Camilo José Vergara is a photographer and the author of numerous books, most recently, Detroit Is No Dry Bones: The Eternal City of the Industrial Age (University of Michigan Press, 2016). His most recent writing on Detroit can be found at PublicBooks.org. More of his work can be found at camilojosevergara.com.
Thirty years ago, his likeness could be found in many poor, minority communities. Today, these images are disappearing as the buildings they were painted on have either collapsed or have been demolished.
Minister and civil rights icon Malcolm X would have turned 93 years old this weekend. The version of him I know best is the one portrayed in the ‘hood.
Thirty years ago, the likeness of three great black leaders, Martin Luther King Jr., Malcolm X, and Nelson Mandela, were popular in poor, minority communities. Later, it was just King and Obama. Now, only MLK leads the black pantheon.
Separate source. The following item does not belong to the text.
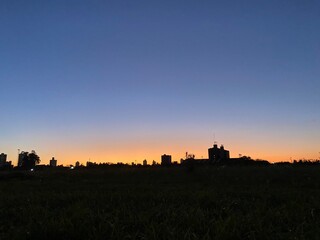 atardecer en la ciudad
Earlier this month at Harlem’s Showman’s Club, I got in a conversation about Malcolm X. As I showed some of the patrons the murals I had photographed with my Nikon 800 and stored in my phone, I argued that he was portrayed as righteous and angry. A woman corrected me, saying he looked serious. She attributed his waning popularity to his Muslim faith and his militant attitude. She then explained that there aren’t many Muslims in the U.S., while King was a Baptist—America’s largest Protestant denomination. A former New York City policeman deflected the conversation to Malcolm X’s 1965 assassination and his bodyguard—also a former policeman whom this man knew. My efforts to get them to speak about his present relevance failed.
In the 1980s, Malcolm X’s likeness was depicted in murals on the walls of urban drug rehabilitation centers where a strong motivational presence was needed. One of these was the now abandoned Operation Get Down in a former bank on Gratiot Avenue in Detroit. During this same period, muralists working in drug corners in Chicago had to listen to the suggestions of the gangs that favored Malcolm X over MLK, lest their murals be defaced.
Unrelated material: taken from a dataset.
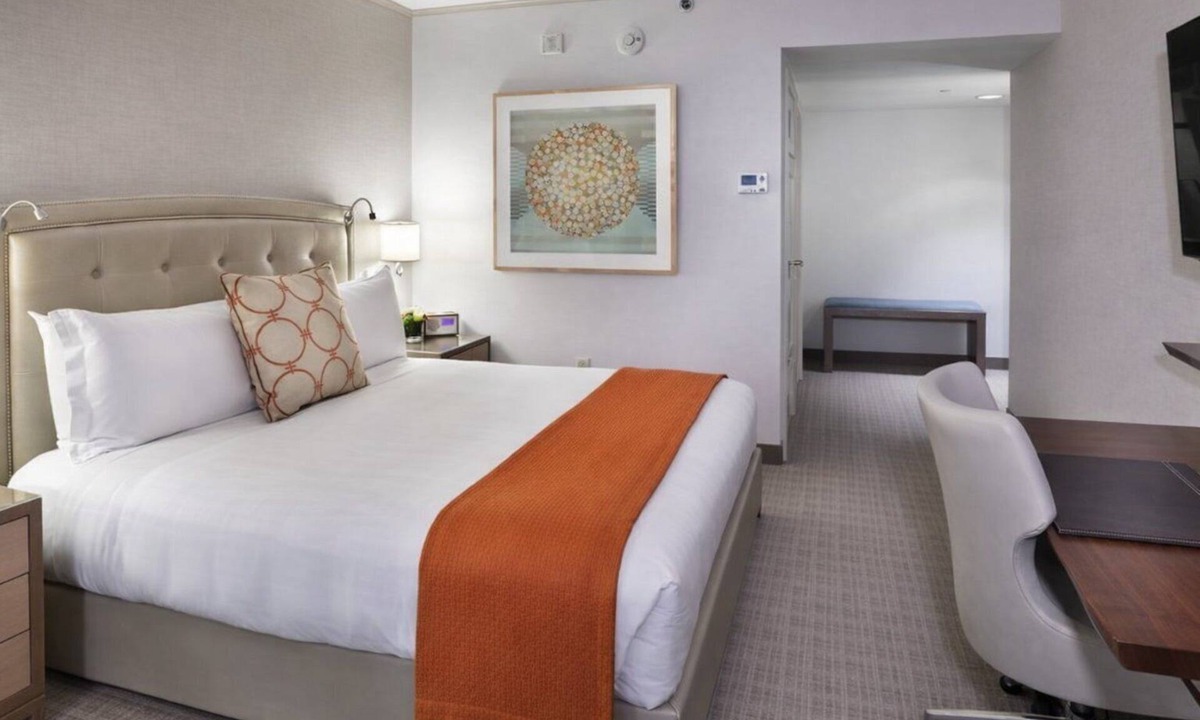 Seaport District Hotel | King Harborview | Seaport Boston | Boston Harbor Views, Harborwalk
Malcolm X was portrayed with Rosa Parks in Chicago, with Cambodian divinities and Pancho Villa in Oakland, and with longtime mayor Coleman Young in Detroit. In Los Angeles and Oakland, Latino sign painters depict his likeness with Latino features. Most of these images have disappeared as the buildings they were painted on have either collapsed or have been demolished. As the remaining portraits fade, Malcolm X’s skin color turns lighter and grayer with time.
Every once in a while, Malcolm X will still appear in a new mural. Earlier this year in Detroit, I photographed his face as seen on a recently painted mural titled “Be A Man.” In it, he’s placed next to a pyramid and a figure riding a camel. A mosque can be seen in the background. One side of the eyeglasses on his face shows the KKK, the other raised fists and black faces yelling.